We should make a GC song about facebook and twitter

G------Em-----------C-----------------G
"From here on my couch, I support this good cause
G------Em-----------C-----------------D
Then start playing farmville without any pause
G------Em-----------C-----------------G
Where I solve world hunger by planting fake grain
G---------Am------------D
Protesting outside is so lame
D----------Cadd9-------------G/B-------------------D/A
There's a bad man out there and people need to know his name
G-------C-----------D--G
so my status it is a changin'


----------



## Shark (Jun 10, 2010)

Mike, that's hilarious.


----------



## sulphur (Jun 2, 2011)

So Mike, are you saying to do nothing then?

If you'd bothered to watch the vid, it addresses the issue about one person, what can I do?
When you get a large collective of one persons, it becomes a lot more powerful.
Part of this movement is to keep pressure on the politicians to keep a presence there.
If nobody did anything, the politicians see it as loss of interest and pull out what little has been done.

Just forwarding these post on FB isn't enough, I agree.


----------



## keto (May 23, 2006)




----------



## 10409 (Dec 11, 2011)

Yes...i'm saying do nothing. It's not our place. Let history take its course. It's not vietnam or nazi germany. this guy isn't organized, mobile, heavily armed or planning on world domination. 

How different would todays world be if the internet existed during the during the european colonization of north america? or the american revolutionary war? or even the american civil war? what would have happened if yesterdays big brother stepped in and altered the course of history? We're living in a nation that has built around atrocities, and the reason we can pretend we're better is because we were born into the aftermath of a won war. We have it easy, we don't have to fight wars on our own lands, but that doesn't mean innocent blood has never been spilled on north american soil. We're so quick to condemn methods we've used ourselves, whether it be nuclear warfare, genocide, slavery, torture, forcing our young to become soldiers, or anything in between.

Those are my arguments that don't even touch base on how shady the "invisible children" organization seems when you look into them.

But all this isn't what bothers me. It's the masses of idiots (yes, I'm assuming they are idiots...like I said a few days ago a lot of people i grew up with are still working at a gas station for minimum wage so I think that's an ok assumption) who probably didn't even bother to vote on local issues or elections are so riled up about this. Passive Activists. Wonderful. I'm surrounded by oxymorons.


----------



## 10409 (Dec 11, 2011)

keto said:


>


LOL i'm stealing that


----------



## david henman (Feb 3, 2006)

...mike, you make some excellent points. but, isn't this a bit like refusing to be concerned about the environment simply because some of the people who do are phonies?




mike_oxbig said:


> Yes...i'm saying do nothing. It's not our place. Let history take its course. It's not vietnam or nazi germany. this guy isn't organized, mobile, heavily armed or planning on world domination.
> 
> How different would todays world be if the internet existed during the during the european colonization of north america? or the american revolutionary war? or even the american civil war? what would have happened if yesterdays big brother stepped in and altered the course of history? We're living in a nation that has built around atrocities, and the reason we can pretend we're better is because we were born into the aftermath of a won war. We have it easy, we don't have to fight wars on our own lands, but that doesn't mean innocent blood has never been spilled on north american soil. We're so quick to condemn methods we've used ourselves, whether it be nuclear warfare, genocide, slavery, torture, forcing our young to become soldiers, or anything in between.
> 
> ...


----------



## bluesmostly (Feb 10, 2006)

I watched the vid because my nephew sent it to me. 
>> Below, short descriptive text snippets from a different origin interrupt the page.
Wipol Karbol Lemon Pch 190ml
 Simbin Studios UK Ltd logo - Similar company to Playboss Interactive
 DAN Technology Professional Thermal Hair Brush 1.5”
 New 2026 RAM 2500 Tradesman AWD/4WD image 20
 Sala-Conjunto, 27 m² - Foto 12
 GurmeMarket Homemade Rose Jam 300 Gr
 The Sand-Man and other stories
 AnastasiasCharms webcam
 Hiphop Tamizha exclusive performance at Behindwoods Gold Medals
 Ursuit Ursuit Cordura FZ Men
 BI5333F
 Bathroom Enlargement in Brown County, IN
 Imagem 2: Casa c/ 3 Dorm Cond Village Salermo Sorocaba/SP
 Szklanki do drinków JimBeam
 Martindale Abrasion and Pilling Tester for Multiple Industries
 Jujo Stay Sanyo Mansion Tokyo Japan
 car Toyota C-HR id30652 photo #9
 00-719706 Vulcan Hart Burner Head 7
here's an idea, lets use the same system that creates and supports the Kony's of the world to take him out. Lets petition policy makers, who just told us that they will not get involved in a conflict that does not affect national security or financial interest, who all the while are telling us that all of the military conflicts we are involved in (over 70 since WWII alone) are all 'freedom, human rights, and democracy' initiatives. Yeah, that will change the world. 

Here's another idea: lets distract those idealistic feisty young folks and give them a cause like Occupy or Kony so that they feel they are changing the world so we can carry on with our business as usual... heck, that method has worked for centuries! 

Keto, that picture thing is brilliant! Mike, I am still snickering about the orange beating.


----------



## david henman (Feb 3, 2006)

...i have often been told that, since i, personally, cannot actually do anything about injustice, intolerance, discrimination, human slaughter, war, etc, i should just shut the hell up.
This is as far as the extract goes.